It is a powerful weapon that we touch dangerously. It is almost impossible to handle it safely - one bite and the restraints fall off. Our taste buds, our tongues, our neurotransmitters, and our very being, all cry out for more. Like the junkies we are, we beg for one more fix.
It is impossible for an alcoholic to stop after the first drink, unthinkable for a meth head to walk away while crystals are still available, out of the question for a compulsive gambler to leave the table while there are still chips to play. For the true overeater, one taste of the sweet, smooth confection is a diet death sentence.
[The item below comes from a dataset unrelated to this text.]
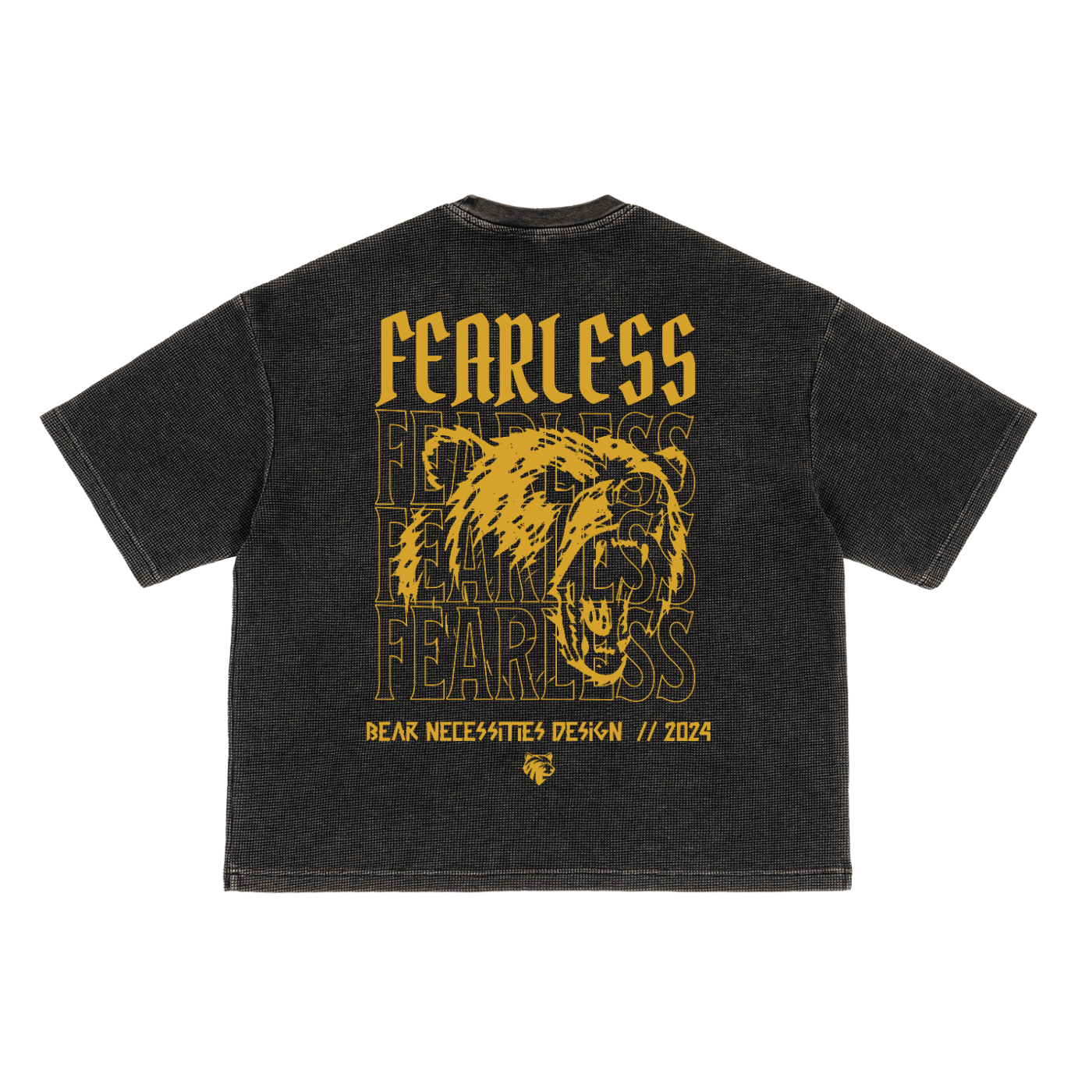 Fearless Waffle Boxy Tee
The only way we tortured weight control freaks can handle it is through total abstinence. One day at a time, we must fight the urge for one taste, one morsel, one shaved corner of a forbidden bar. The longer we can avoid the taste, the more its memory will fade but, like the addict, we will never totally eliminate the cravings and must constantly guard against relapse.
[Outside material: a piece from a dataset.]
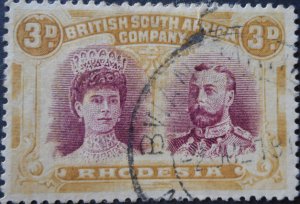 Rhodesia Double Head 3d with Bwanamkubwa (DC) postmark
Substituting a low calorie chocolate alternative is tantamount to starting a methadone maintenance program - we no longer get high (gain weight) but we need a constant dosage to maintain a sense of well-being. As long as the taste of chocolate is a fresh and vivid memory, even if a low calorie version is used, the lure of the precious stuff remains and will eventually overwhelm our "no" power and lead to the dread of all we yo-yo overweighters: diet suicide.